The rand retreated 0.9 percent to 10.8201 per dollar after advancing as much as 0.4 percent.
Mexico’s peso fell 0.8 percent to 13.3315 per dollar, the first decline in five days, as a surprise trade deficit in January stoked concern that the recovery in Latin America’s second-largest economy is faltering.
The yuan was at 6.1248 per dollar after depreciating to 6.1351, the weakest since July 30, according to China Foreign Exchange Trade System prices.
The People’s Bank of China cut the yuan’s fixing by 0.01 percent to 6.1192 per dollar, the weakest since Dec. 20. The spot rate was 0.08 percent lower than the fixing, after the two converged yesterday for the first time since September 2012. It can diverge by a maximum 1 percent from the fixing.
Two-way capital flows will become the “new norm” for China and the exchange rate is likely to be more volatile as U.S. stimulus is pared, the State Administration of Foreign Exchange said in a report yesterday.

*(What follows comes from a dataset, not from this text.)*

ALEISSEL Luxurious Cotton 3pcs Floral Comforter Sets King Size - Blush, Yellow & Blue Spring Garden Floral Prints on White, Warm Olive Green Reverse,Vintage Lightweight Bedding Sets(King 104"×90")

“The PBOC is behind the yuan weakness to counter hot money inflows and to tame expectations as it prepares for band widening,” said Nathan Chow, a Hong Kong-based economist at DBS Holdings Group Ltd. “Given it’s engineered by the PBOC, the drop won’t be too significant as it’s still in the control of policy makers.”
Volume in over-the-counter options on the dollar-yuan exchange rate amounted to $25 billion, the largest share of trades at 33 percent, according to data reported by U.S. banks to the Depository Trust Clearing Corp. and tracked by Bloomberg. Dollar-yuan options trading was 220 percent more than the average for the past five Wednesdays at a similar time in the day, according to Bloomberg analysis.

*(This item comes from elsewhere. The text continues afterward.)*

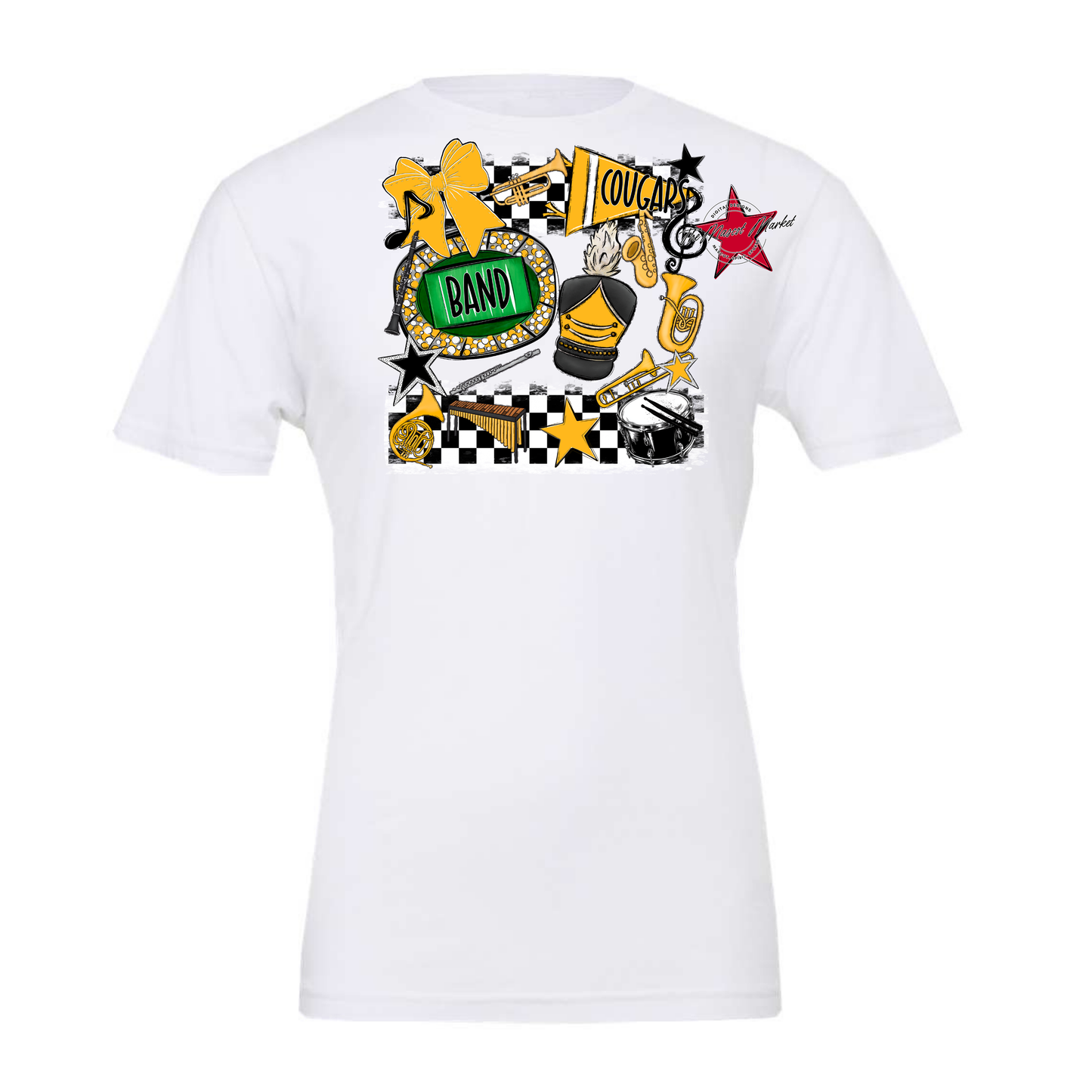 Cougars Checkers Band Spirit Design-Yellow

The dollar strengthened as Ukrainian protesters were called to a rally in Kiev’s Independence Square to help mold an interim cabinet as tensions flared in the Russian-speaking Crimea region after pro-Western politicians took control of the capital.
Yellen said this month the economy has strengthened enough to withstand cuts to monetary stimulus, adding that only a notable change to the outlook would prompt the central bank to slow the pace of tapering its bond purchases. She is scheduled to testify before the Senate Banking Committee tomorrow.
“Any data or any Fed speakers going forward that reiterate the Fed’s tapering is dollar-positive,” Omer Esiner, chief market analyst in Washington at the currency brokerage Commonwealth Foreign Exchange Inc., said in a phone interview. “Investors are really concerned about how weak economic data may influence the outlook for monetary policies.”
The central bank cut its monthly bond-buying program by $10 billion a month in January and February, citing economic improvement, to $65 billion.
Purchases of new homes increased 9.6 percent to a 468,000 annualized pace, exceeding the highest estimate of economists surveyed by Bloomberg and the most since July 2008, figures from the Commerce Department showed. Demand improved in three of four regions.
“The market got whiplashed by the new-home sales report, it’s 180 degrees different from what we expected,” Michael Woolfolk, a global-markets strategist at Bank of New York Mellon in New York, said in a phone interview. “She’ll continue to say temporary factors will depress first-quarter growth, but the committee believes the outlook for 2014 is positive.”